I have recently had to do a little cleanup and ensure that there are no heavy objects that don’t get disposed. To do this I made use of my trusty friend Fody and the addin¬†Undisposed.Fody.

Undisposed.Fody is a Fody addin and a standalone application that helps to track down undisposed objects. Occasionally crashes or application hangs are caused by undisposed objects, especially if the objects references COM objects.

This tool injects some code in all classes that implement IDisposable. It registers the creation of such objects and dumps the undisposed objects together with object creation counter. This helps to set a breakpoint in the constructor and break on the n-th call, thus making it possible to see where the object got created (and not disposed later on)

https://github.com/ermshiperete/undisposed-fody

Below is a sample with comments that illustrates how this fody addin works.

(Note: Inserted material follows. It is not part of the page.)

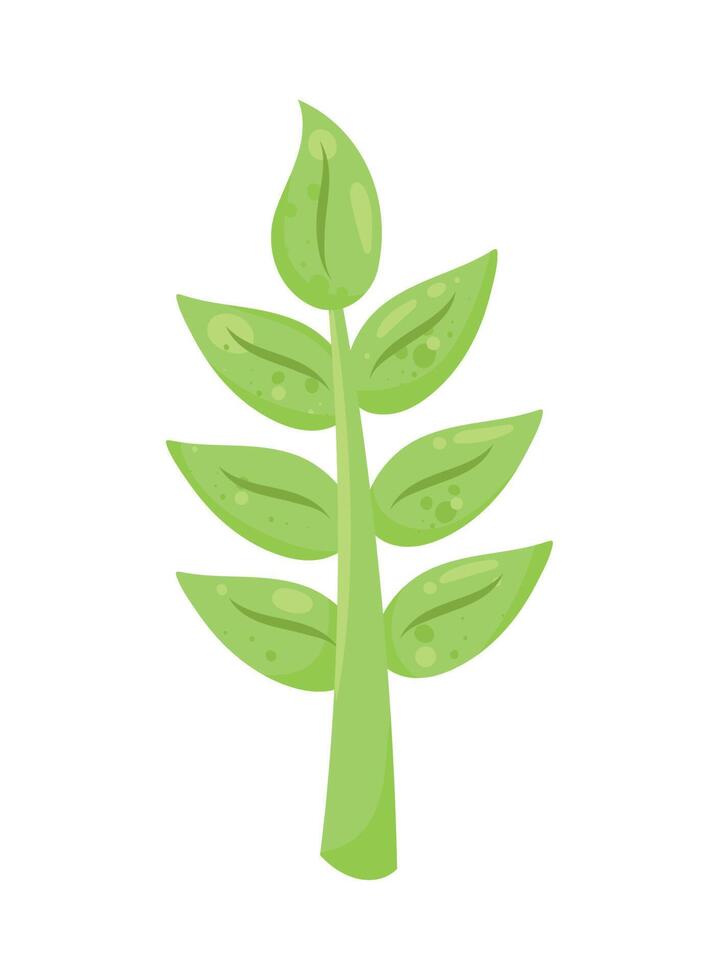 green branch with leafs vector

Classes we will be tracking objects for disposal:


    public class  Sample2:Sample
    {
        protected override void Dispose(bool disposing)
        {
            if (disposing)
            {
                //dispose managed resources
            }
            //dispose unmanaged resources
            this.isDisposed = true;
        }
    }

    public class Sample : IDisposable
    {
        protected bool isDisposed;

        public void Dispose()
        {
            this.Dispose(true);
        }

        protected virtual void Dispose(bool disposing)
        {
            if (disposing)
            {
                //dispose managed resources
            }
            //dispose unmanaged resources
            this.isDisposed = true;
        }
    }

When using Fody (simply add Undisposed.Fody nuget reference) it will inject code on compilation. The sample classes above will be compile as follows (using Telerik JustDecompile to observer after build):


    public class Sample : IDisposable
    {
        protected bool isDisposed;

        public Sample()
        {
            DisposeTracker.Register(this);
        }

        public void Dispose()
        {
            DisposeTracker.Unregister(this);
            this.Dispose(true);
        }

        protected virtual void Dispose(bool disposing)
        {
            if (disposing)
            {
            }
            this.isDisposed = true;
        }
    }

Next we set the DisposeTracker.OutputKind to Dump for verbositey and add a delegate to print to debug as the DisposeTracker.LogWriter Action. On dumping undisposed objects before initializing anything the dump is empty, after calling Test we can see that we have one undisposed object.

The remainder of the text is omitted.